What the exercise asks: As the answer, give exactly the lines of the records below from the one with "prediction Tottenham vs Chelsea 26022023" through the one with "Мировой кинематограф в инфографике", ends included and pictures left out.

Working data:
:::::
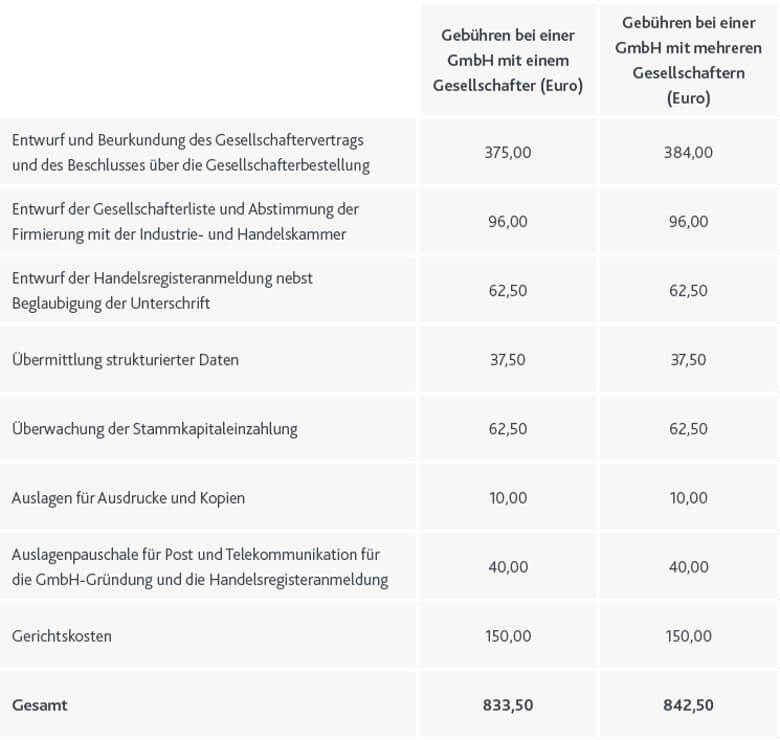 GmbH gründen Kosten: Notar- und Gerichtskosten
:::::
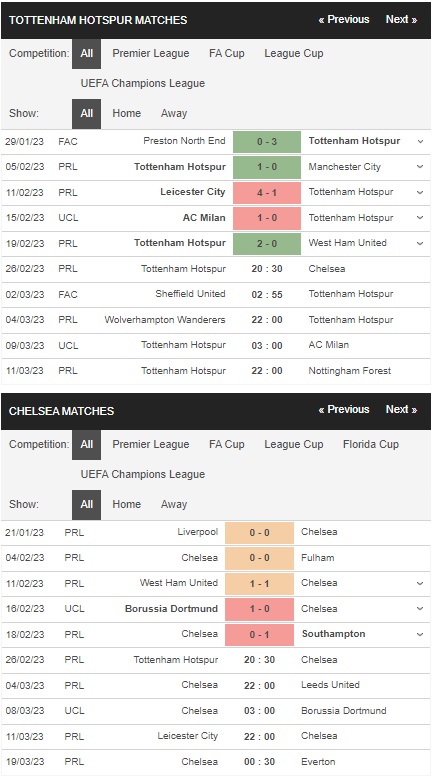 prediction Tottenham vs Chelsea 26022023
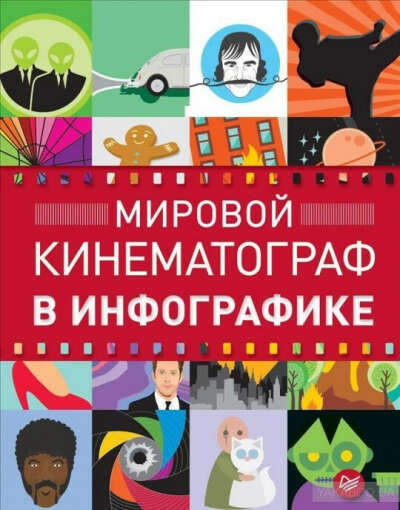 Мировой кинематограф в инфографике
:::::
Result of this task:
 prediction Tottenham vs Chelsea 26022023
 Мировой кинематограф в инфографике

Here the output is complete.